Cynical summary: Reinventing the wheel while ensuring a comfortable level of lock-in seems to be a popular pastime of the networking industry. Let’s see how this particular saga evolves … and do keep in mind that some people remain deeply skeptical of OpenStack’s future.
The original design discussions around Quantum/Neutron covered this topic extensively, and as someone how was there, pretty much all of your assumptions about intent are wrong.
The root of the problem is confusing a Quantum/Neutron "plugin" (a strategy for implementing the neutron API) with a "driver" (a piece of code that talks to a particular back-end technology). Your post makes this mistake by saying:
"Remember that OpenStack supports a single plugin. Yeah, you got it right – if you want to use the above architecture, you’re locked into a single networking vendor."
A single plugin does not mean you can only use a single technology. Plugins can support drivers, as your examples above point out. In fact, in my view, this post argues against itself, as by highlighting the value of different models like the ML2 and tail-f designs, it drives home the point that no single "driver model" is sufficient, hence you need pluggability at a higher layer (i.e., the plugin). This was the exact motivation for the original design. A user can choose a plugin (i.e., a strategy) that ties them to a particular vendor technology, or a strategy that gives them flexibility to use technologies from different vendors, often with a "lowest-common denominator" result. We explained this to people so much in the early days of quantum that we even had standard back-up slides for it (see slides 36-38: http://www.slideshare.net/danwent/openstack-quantum-intro-os-meetup-32612 ).
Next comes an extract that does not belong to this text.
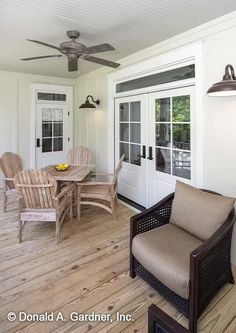 a patio with chairs, table and ceiling fan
The notion of a "meta" plugin, that enables the use of different vendor-specific technologies at once was also discussed at the original design summit for OpenStack Quantum. It has been implemented and in the code base for a long time now. Again, all of this stuff is publicly available information: https://blueprints.launchpad.net/neutron/+spec/metaplugin
You should also correct your statement about services like load balancers being tied to the plugin, as from the start you were able to load LB plugins as "service plugins", which are independent of the "core plugin" that is loaded.
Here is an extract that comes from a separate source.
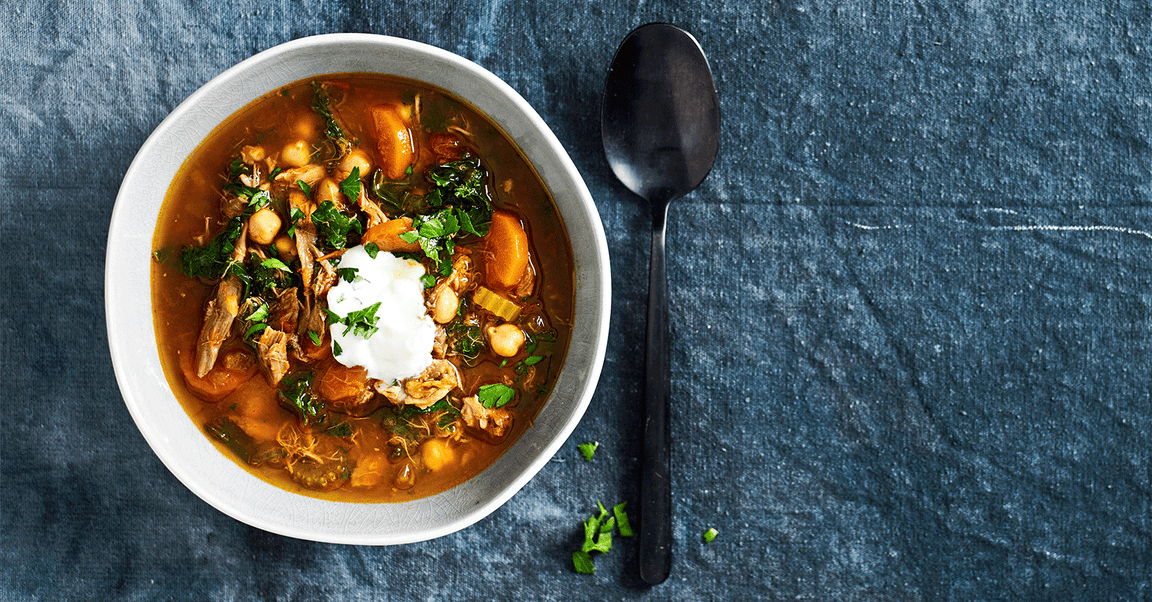 A hearty bowl of vegetable and chickpea soup, garnished with fresh herbs and a dollop of yoghurt, placed on a dark blue textured background.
Thanks for the comment - reworded the intro paragraph a bit to explain my observation bias ;)
Although I agree with you in principle, the sad fact remains: at the moment you can't mix networking solutions from multiple vendors, and even though Tail-f can manage devices from multiple vendors, you're just replacing hardware lock-in with controller lock-in.
Need to investigate LB aspect further - would appreciate if you could point me to a reasonable starting point.
Kind regards,
Ivan
Would love to also see you explore what happens when Quantum services are combined with controller-based services. Where should various policies be configured? How will they interact if someone wants to deploy NFV services that run on VMs, which have to be provision via the "server" services (eg. Nova, vCenter, etc.)?
I do agree with Dan in most of his suggestions to your blog but I also find your point of view about multi-vendor and multi-plugin very interesting. I believe that we are targeting more than one domain in Neutron with only one plugin and therefore, it is very hard. By domain I mean PNI (Physical Networking Infrastruture) versus VNI (Virtual Networking Infrastructure). ML2 by means of drivers is putting together configuration for these two domain but I find it odd, exactly because looks messy and very difficult to debug for Cloud OpenStack Users. Services are like plugins, you can deploy many instances of the same service but only one kind of them, still some limitations but again some times those limitations are the result of providing all that functionality with opensource tools.